In the episode, host John Oliver detailed how a company was formed, Central Asset Recovery Professionals, and then the company subsequently purchased a portfolio of nearly $15 million of out-out-statute medical debt from individuals in Texas, for about $60,000. The portfolio was then transferred to RIP Medical Debt, an organization that seeks to buy healthcare debt so it can be forgiven.
The plan all along was the donate the portfolio to some charitable organization so the debts could be forgiven, said Jerry Ashton, one of the co-founders of RIP Medical Debt. It just so happened that staffers at the show learned about RIP Medical Debt and ended up partnering with the organization.
“We fit the bill better than the plan they had,” Ashton said today during a phone interview with AccountsRecovery.net.
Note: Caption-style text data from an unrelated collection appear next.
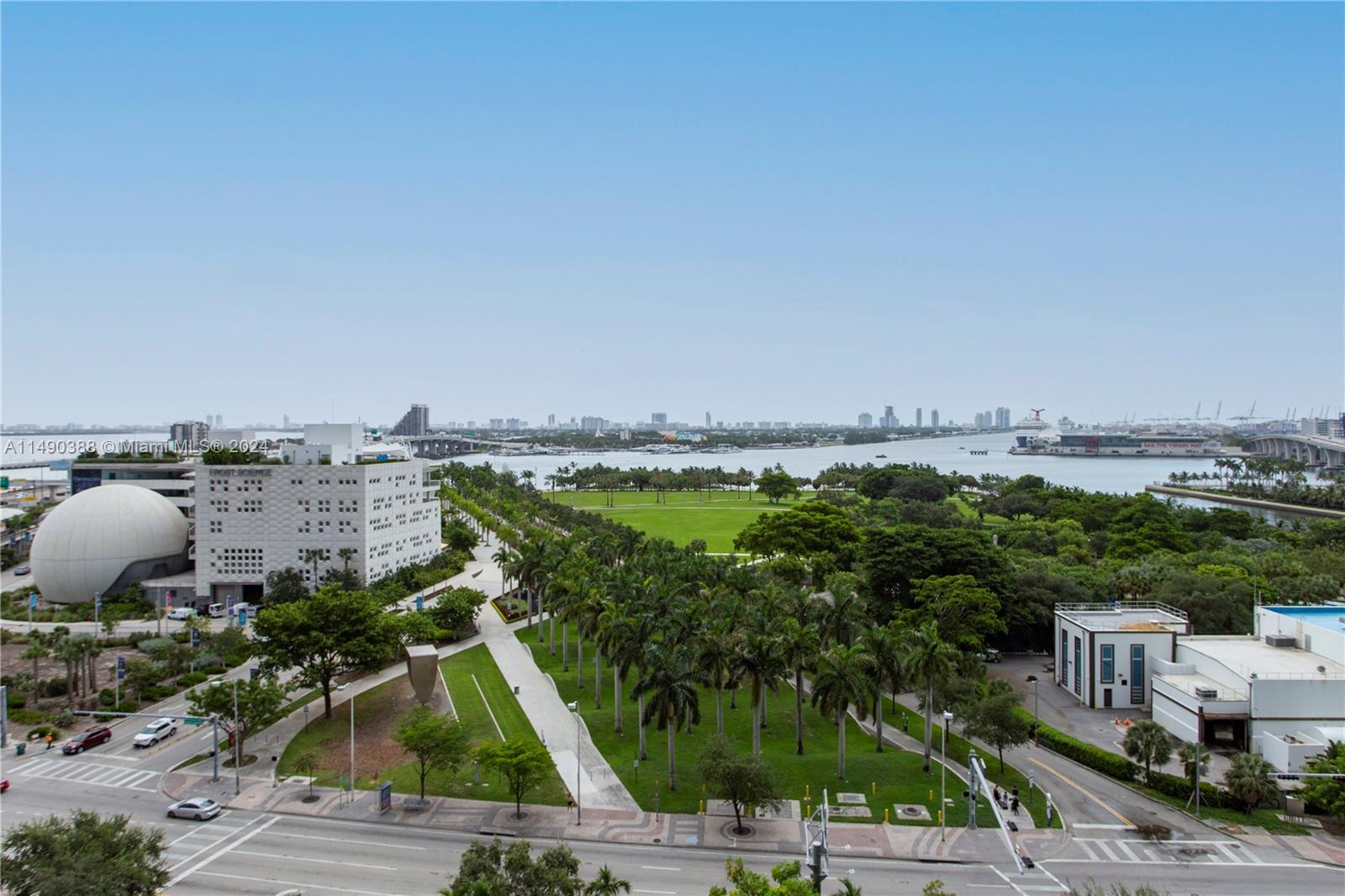 Real estate property located at 1000 Biscayne Blvd #1002, Downtown, Miami, Florida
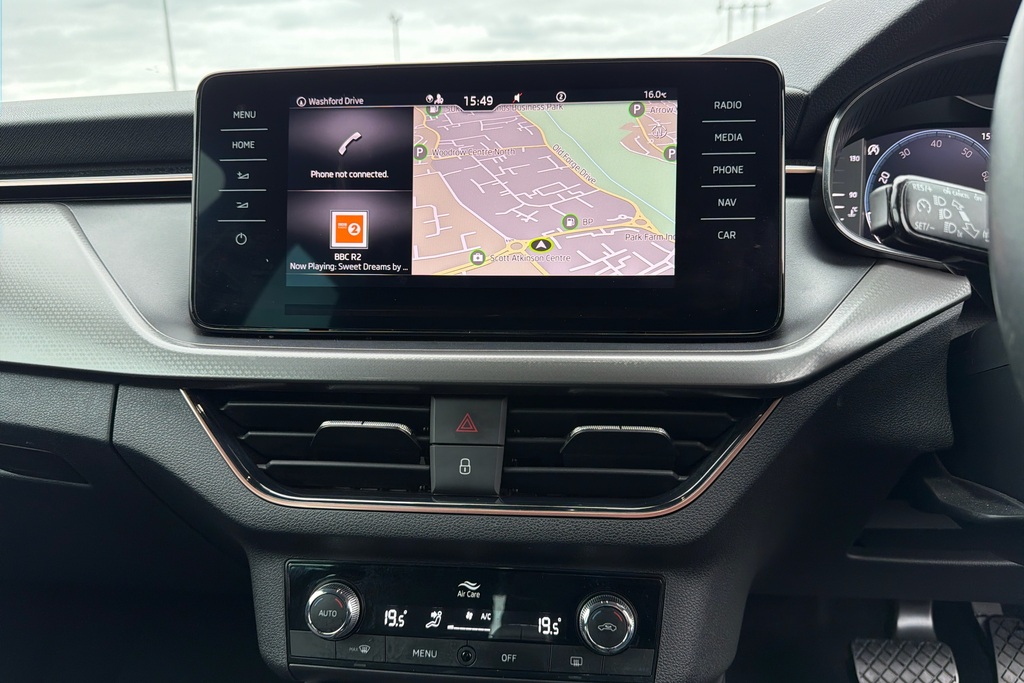 Skoda Kamiq Tsi Se Silver #11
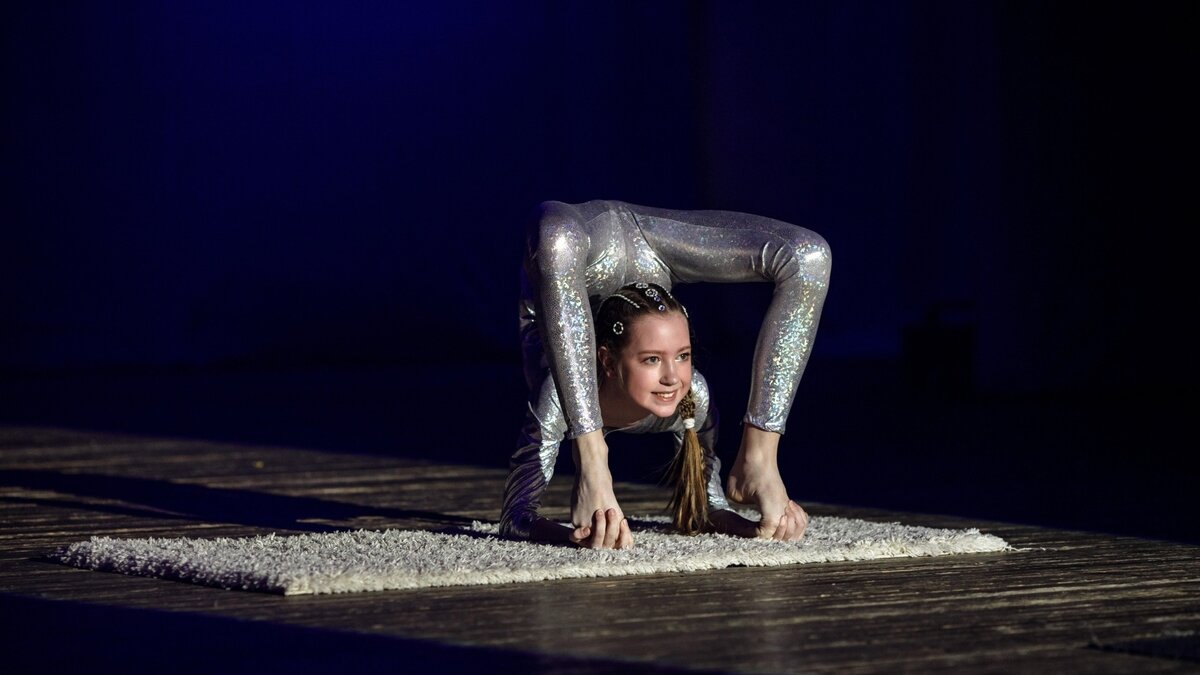     В Хакасии живет 17-летняя Влада Жбанчикова, чья необыкновенная гибкость заставляет сомневаться в законах физики и возможностях человеческого тела. Ее способность скручиваться в узлы и легко складываться пополам кажется такой же естественной, как дыхание.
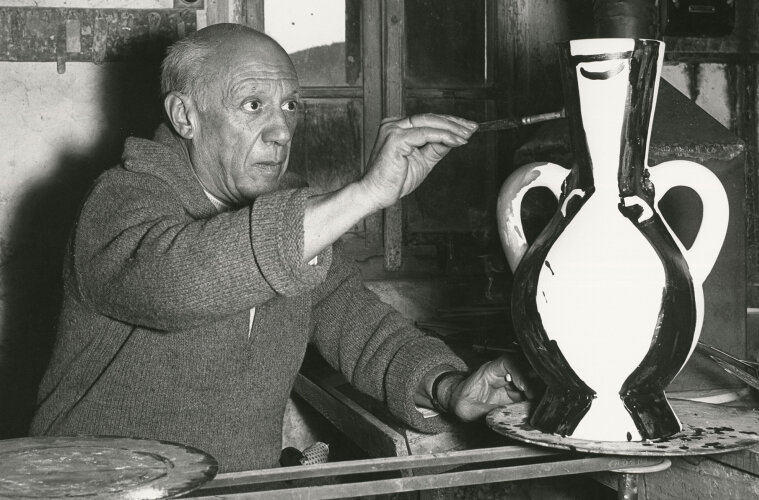 Pablo Picasso (1881-1973) hier in seiner Werkstatt im südfranzösischen Vallauris im Jahr 1953. 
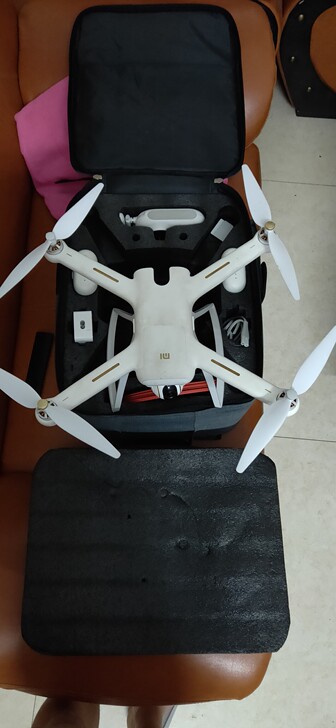 小米无人机4K版~买来自用的。一般都是外出...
Also on the call was Craig Antico, the CEO of RIP Medical Debt. “We are fortunate bystanders to become involved in the show.”
In the four days since the show aired on Sunday, June 12, donations to the organization have “increased tremendously,” Antico said, including a $10,000 donation which was sent in yesterday. Individuals in countries like England and Australia, which have socialized healthcare programs, have sent in donations, the pair said.
RIP Medical Debt raises money so it can go out and purchase portfolios of medical debt and forgive them, removing the financial burden from individuals with unpaid healthcare bills. The portfolio purchased by “Last Week Tonight” included unpaid debts for 9,000 individuals in Texas.
Antico said that the organization will likely be sending letters to the 9,000 individuals later this month to notify them that they are no longer responsible for the debts that were part of the portfolio.
“We’re not talking about people with widescreen TVs here,” Ashton said. “We’re talking about people who were diagnosed with multiple myeloma.”
Along with raising awareness of the organization, Ashton said he hopes that people in the industry will walk away from this affair knowing that there is someone out there that is trying to help consumers and is not the enemy of debt buyers.
“We’re the byproduct of a system that is broken,” Ashton said, referring to the healthcare industry. “We’re trying to drive a stake through the heart of zombie debt.”
There are millions of people who are afraid to answer the phone because of unpaid medical debts, and those unpaid debts are the only blackmarks on their credit reports, Antico said.
“How many people in our industry turn a blind eye in the other direction so they don’t see what’s going on,” Ashton said. “We want the industry to work with us instead of considering us a gadfly or an irritant.”